The conversation also surfaced a point often overlooked in AI discussions: developer time. Maintaining connectors, especially in complex systems, is a significant time sink for engineering teams. APIs change constantly, and keeping pipelines stable requires continuous updates. “You do not have the time to be focusing on every way that Zendesk might change their API,” Gonzalez noted. Airbyte removes this burden so teams can focus on building AI-driven applications, not maintaining brittle integrations.
This developer-productivity angle becomes even more important as AI workloads become more sophisticated. It is no longer enough to simply dump all data into a warehouse and hope the model figures it out. AI agents require not only accurate data but contextually relevant data. This may include selective ingestion, contextual enrichment, or schema-aware retrieval — capabilities Gonzalez sees evolving rapidly at Airbyte. Today, the company excels at bulk data movement, but tomorrow it may help teams retrieve targeted subsets of data based on AI-driven queries and use cases. The future of data ingestion, in Gonzalez’s view, will be more granular, intelligent, and demand-driven.
The intersection of AI and data engineering is also becoming more apparent. Gonzalez has noticed that new AI companies are starting to think like data engineers, even if they don’t come from that background. They now need to care about schema evolution, masking sensitive fields, and tracking metadata changes — concerns traditionally handled by analytics teams. AI startups suddenly find themselves needing enterprise-grade data practices because any misstep could cause incorrect model behaviors, regulatory issues, or brand damage.

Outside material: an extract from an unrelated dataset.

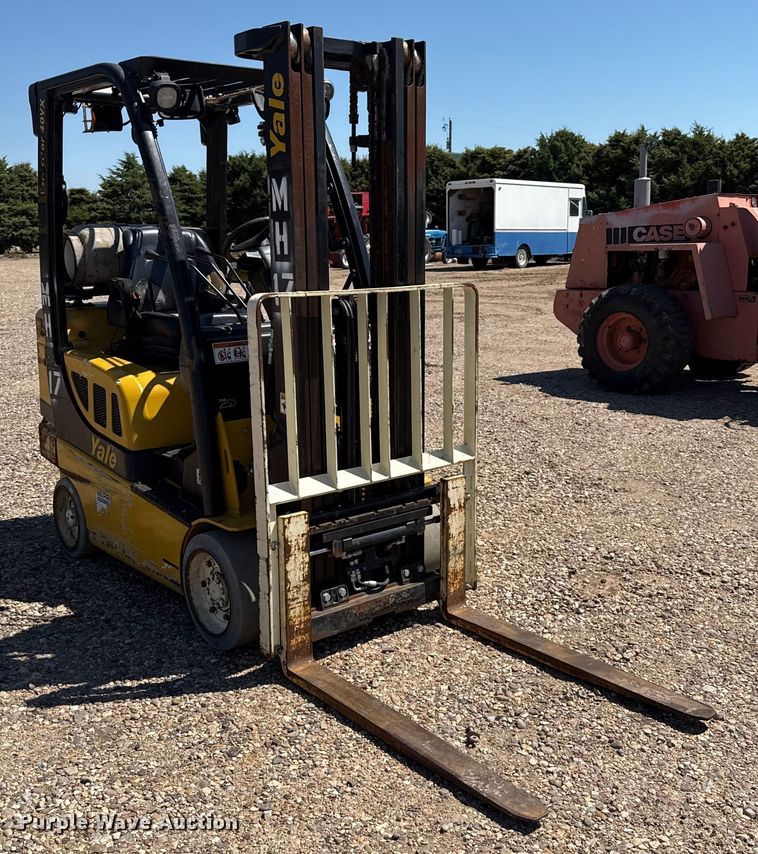 image for item DZ8786 2015 Yale GLC040SVNRSE082 forklift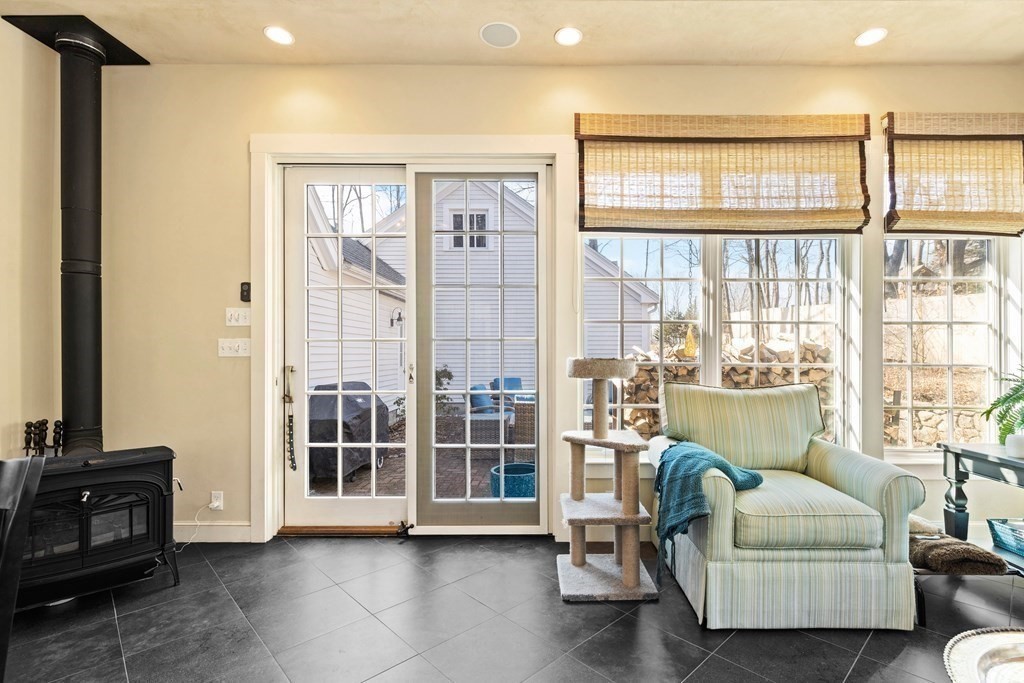 23 Massasoit Avenue Sudbury, MA 01776 - Photo 13 of 40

Open source continues to play a major role as AI evolves. Airbyte was built with an open-source foundation, and Gonzalez believes this is essential in the AI era. Community-driven innovation means companies get faster feedback, broader distribution, and a healthier ecosystem. “The power of a community is unparalleled,” he said. In a field where technologies change week to week, rapid iteration and user feedback become invaluable.
The conversation also touched on data sovereignty — a rising concern as countries introduce their own rules around data access, privacy, and acceptable model behavior. Different regions have different cultural norms, regulatory needs, and expectations from AI systems. Airbyte addresses these concerns by ensuring customers can run the platform within their own controlled environments, whether through Flex or open-source deployments. That allows teams to move data while still respecting the legal and cultural constraints of each region. Airbyte does not manipulate or modify data to remove bias — that work remains with the customer — but it ensures they can do so safely within their own infrastructure.
Overall, Gonzalez’s insights paint a picture of a fast-moving industry where data infrastructure and AI architecture are becoming inseparable. The old world of batch pipelines designed for dashboards is giving way to real-time, context-rich systems designed for agents that take action, answer questions, and automate workflows. Airbyte’s evolution mirrors this shift: from pipeline automation to context-aware data delivery designed for intelligent systems.
AI adoption will continue accelerating, but without strong data foundations, organizations will not see meaningful results. As Gonzalez summarized throughout the conversation, “You need data at the core of everything.” It is not enough to have large models or fast GPUs — the true differentiator is high-quality data, enriched with the right metadata, governed with the right controls, and delivered through flexible architectures.